It’s August, and the window of opportunity has passed for planting tomatoes, peppers and most types of beans. However, if you have an empty space in your garden and you’re itchin’ to fill it, there are several veggies that will do just fine.
Your growing zone does matter, however, and you face a challenge if winter comes early in your area. Read seed packets carefully to determine if you can harvest a crop before Jack Frost makes his first appearance.
Look for quick-maturing varieties with shorter growing seasons. The cultivar name will often give you a clue, and may include words such as “early” or “winter.”
1. Cucumbers have plenty of time to produce an abundance of fruit when planted in August. Look for fast-growing varieties, either bushes or vines.
2. Kale is a cool weather crop that can be planted now for harvest in fall and winter.
3. Lettuce planted in early- to mid-August provides a delicious fall crop. In late August, plant varieties such as “winter gem” or “arctic king” for harvest in late autumn or early winter. Plant lettuce in a shady location if days are still hot. Mulch plants or protect them with a row cover in the event of cold snaps.
4. Spinach is ready to harvest in about 45 days, but you often can enjoy tender, flavor-rich, baby leaves in less time than that. Harvest the leaves at the base of the plant and the smaller leaves will continue to grow. You can enjoy spinach this way for several weeks, or until the plants are nipped by frost. Although spinach prefers cool temperatures and light shade, it will tolerate sun when daytime temps are cooler.
5. Baby arugula is ready to eat in 21 to 40 days. Toss the tender leaves in salad, sprinkle them lightly with vinaigrette and grated parmesan, or chop a few for your favorite pizza. The flavor is more mild and delicate than mature, full-size arugula.
6. Radishes are good eating in about a month, and some types are ready to harvest as soon as three weeks. Look for standard spring radishes like “cherry bomb” or “crimson Giant,” or try winter radishes such as “black Spanish,” or “winter China rose” for a very different flavor experience. You can always add the tiny radish greens to salads.
7. Endive is a frilly salad essential that loves cool weather. Most varieties need at least 45 days, and some may require a couple of months, so check those seed packets.
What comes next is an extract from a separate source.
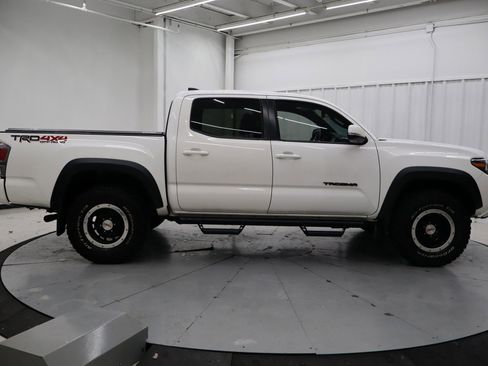 Used 2020 Toyota Tacoma TRD Off-Road w/ TRD Premium Off Road Package image 2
8. Beets love cool weather and tend to do well when planted six to eight weeks before the first average frost date in your area. If you’re short on time and cold weather comes early, harvest the beets when they’re as small as an inch in diameter. Keep in mind you can always harvest beet greens even sooner. For a change of pace, try a beet with maroon or blood red leaves, such as “bull’s blood.” The leaves are tender and juicy, and the color adds real zing to your salads.
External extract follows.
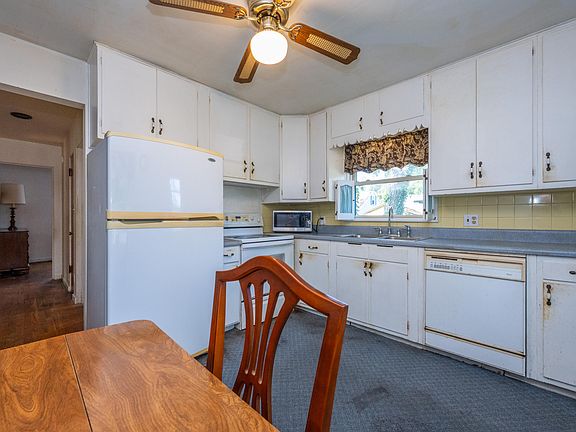4th image of 2308 Coles Ave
9. Collards generally take 60 days to gain maturity, but the tender baby greens are ready much sooner. Similarly, mustard greens are ready for salads in about 45 days or less.
10. Turnips may sound like an unlikely success story for August planting, but varieties such as “Tokyo cross” and “market express” are big enough to eat in just 35 to 38 days. If frosty weather looms, grab a few of the tender greens. Turnips may be bitter and less than perfect in hot weather, but cooler temperatures mean sweet, mild turnips.